SUMMARY
The discussion centers on the concept of Orbital Polarization (OP), defined mathematically as $$OP=\frac{n_{x^2-y^2}-n_{z^2}}{n_{x^2-y^2}+n_{z^2}}$$, where $$n_i$$ represents the occupancy of specific orbitals. It is established that OP measures the difference in electronic occupancy between the ##d_{x^2-y^2}## and ##d_{z^2}## orbitals, particularly under conditions of strain that lift their degeneracy.
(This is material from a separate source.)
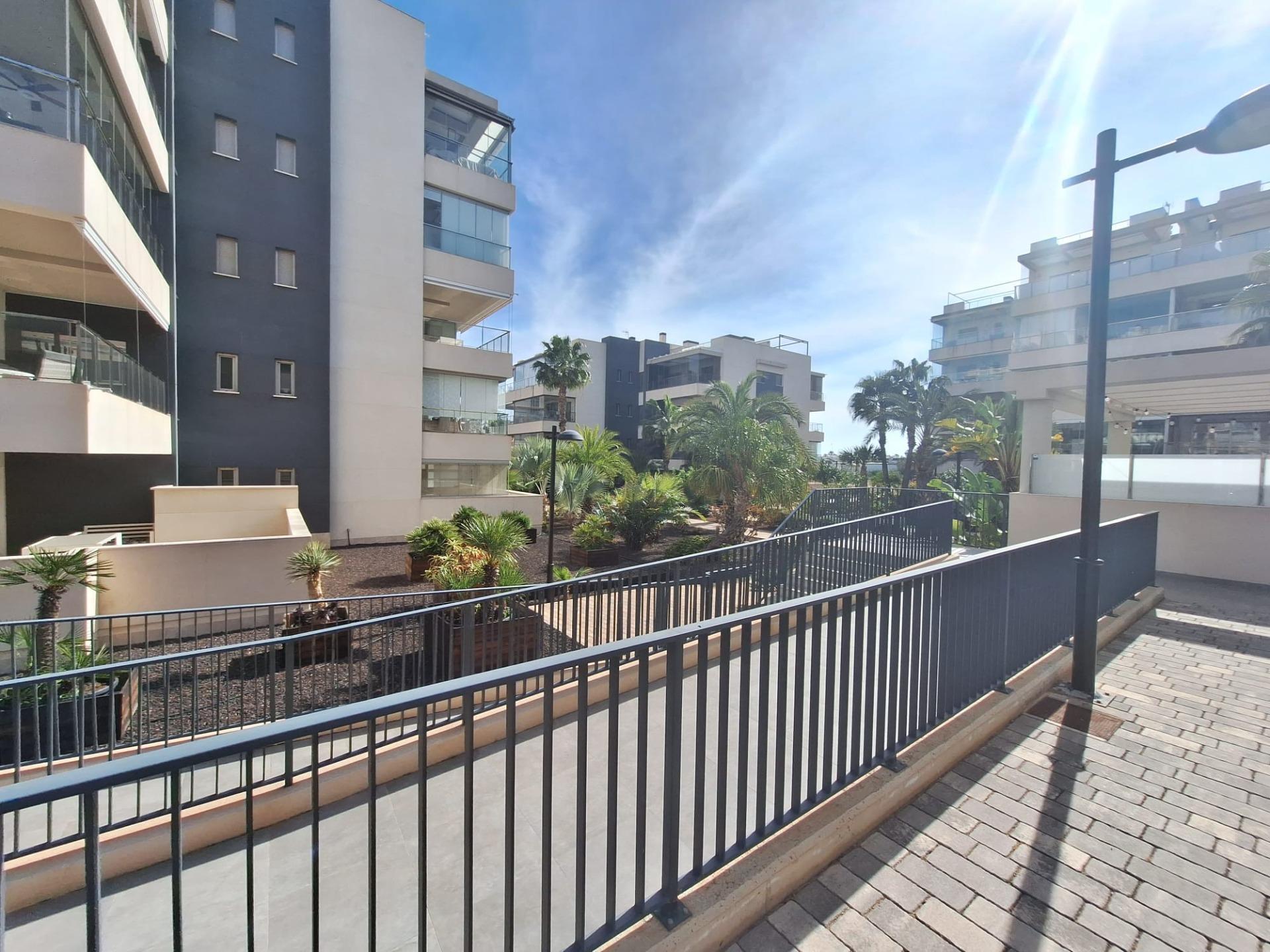 Apartment Of 96 M² With Mediterranean Style In Orihuela Costa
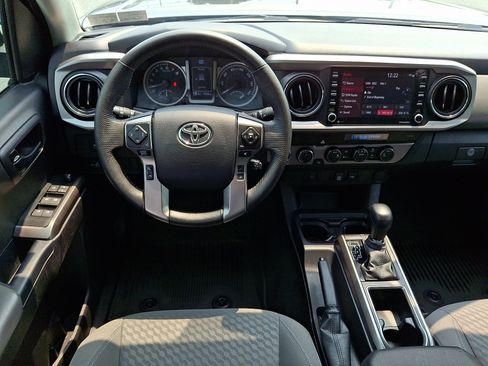 Certified 2023 Toyota Tacoma SR5 AWD/4WD image 12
Unlike Orbital Hybridization, OP focuses solely on occupancy rather than modifications to the orbitals themselves. The discussion concludes that the lifting of degeneracy due to strain results in differing energy levels for these orbitals, leading to unequal occupancy.
PREREQUISITES
- Understanding of quantum mechanics and atomic orbitals
- Familiarity with concepts of degeneracy and energy levels
- Knowledge of electronic occupancy in quantum systems
- Basic grasp of strain effects in materials science
NEXT STEPS
- Research the mathematical derivation of Orbital Polarization in quantum mechanics
- Explore the effects of epitaxial strain on electronic structures
- Study the differences between Orbital Polarization and Orbital Hybridization
- Investigate the implications of degeneracy lifting in solid-state physics
USEFUL FOR
Researchers in condensed matter physics, materials scientists, and students studying quantum mechanics who are interested in the electronic properties of materials and the effects of strain on orbital occupancy.